FDA v. Alliance for Hippocratic Medicine: Conscience Rights Implications for Healthcare Providers - McDermott Will & Emery

FDA v. Alliance for Hippocratic Medicine: Conscience Rights Implications for Healthcare Providers

Overview


The Supreme Court of the United States’s (SCOTUS’s) unanimous decision in Food and Drug Administration v. Alliance for Hippocratic Medicine (FDA v. AHM) on June 13, 2024, articulated a much more absolute view of the protections federal law affords to individual healthcare provider personnel to refuse to participate in the provision of certain healthcare for personal conscience reasons than has ever previously been articulated in the text, legislative history or judicial interpretation of the relevant federal statutes. That aspect of SCOTUS’s decision may lead to a significant uptick in the number of conscience-based opt-out requests that healthcare provider organizations receive from members of their workforces (e.g., physicians, nurses), while simultaneously making each such request more difficult to address without significant cost or liability exposure.
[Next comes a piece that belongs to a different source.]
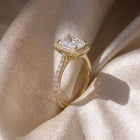 The Gemma Ring — Radiant Orbital Halo Cathedral with Pavé Band Lab-Grown Diamond Engagement Ring in Yellow Gold | The Jewel Concierge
All organizations that employ, or independently contract with, individual workers to provide any type of healthcare services that are likely to generate conscience-based objections should become familiar with this new articulation of the scope of individual conscience-based opt-out rights and work together with knowledgeable counsel on how to handle such requests when they arise. As detailed in this report, it remains to be seen how this recent articulation will interact with more established federal laws that address the balance between individual rights and employer burdens.